In an effort to combat further road deterioration in Sagaponack, on Monday evening the village board passed a law requiring off street parking for all construction vehicles. Several board members cited instances where construction vehicles, loaded with heavy equipment, have parked on the shoulder of the road near a construction site, causing damage to the pavement and grass.
“We have been discussing this idea back in the fall. We are trying to protect the village shoulders,” said trustee Lisa Duryea Thayer, who serves as a liaison between the village board and the architectural and historic review board. “We have taken damage on many roads from construction sites.”
In the law, the village board stipulates that “all [construction] vehicles should be parked and maintained on the parcel where the contractor is performing work. The purpose of this local law is to require submission of an off-street parking plan [prior to] issuance of any building permit.”

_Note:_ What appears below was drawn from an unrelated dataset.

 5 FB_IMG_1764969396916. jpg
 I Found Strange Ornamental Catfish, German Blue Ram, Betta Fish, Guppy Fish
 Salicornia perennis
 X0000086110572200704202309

The building inspector will also be provided with a list of cars to be used for the project.
Thayer said the law was of imminent importance as four buildings, out of a five lot project, will be up for building permit approval in the coming weeks.
Local resident Bruce Kaplan, a Sagaponack property owner since 1972, was in support of the law and said construction vehicles had destroyed the corner of his road, Sagg Dune Court. He also believed that the lines of cars on a road near a construction site impeded road access for emergency and police vehicles.
Although the law received full board approval, some members would like to see further amendments made to it in the future.
Deputy mayor Lee Foster pointed out that certain pre-existing homes undergoing renovations don’t always have the space to accommodate all of their contractors’ vehicles and in certain instances vehicles carrying special equipment will not fit through the home’s entrance.
“If you have construction vehicles parking on site, it could mar the lawn or push over a bush or ruin the driveway,” said Foster.
Village clerk Rhodi Winchell referenced a construction site on Crestview Lane, where the contractor found parking for his workers at a different site and shuttled them to the construction area.
“That works for vans and laborers, but we are talking about heavy equipment,” said trustee Alfred Kelman of Winchell’s suggestion.
“It seems that would be a situation where a bond has to be put into place,” added Kelman of an idea the board has recently been discussing that would require developers to take out a maintenance bond if any damage to the road is incurred during the construction of homes. This provision would need to be satisfied before the developer was given a certificate of occupancy.
“We need to refine the language. I think it has to include the concept of a bond and include the concept of van transportation. Efforts should be made to keep vehicles on site, but in the instance of heavy trucking, a contractor should be subject to a bond [if the road is damaged],” said Kelman.
Winchell said she would discuss drafting amendments to the law with village attorney Anthony Tohill.
Election season has also hit Sagaponack Village with both Kelman and trustee Joy Seiger running for re-election. The pair, however, are running unopposed and Foster offered some premature congratulations.
“Alfred and Joy are continuing on, for which we are most grateful … I would love to congratulate you both,” said Foster.
Winchell added that the polls will be held on Friday, June 19, from noon to 9 p.m. at village hall on Montauk Highway.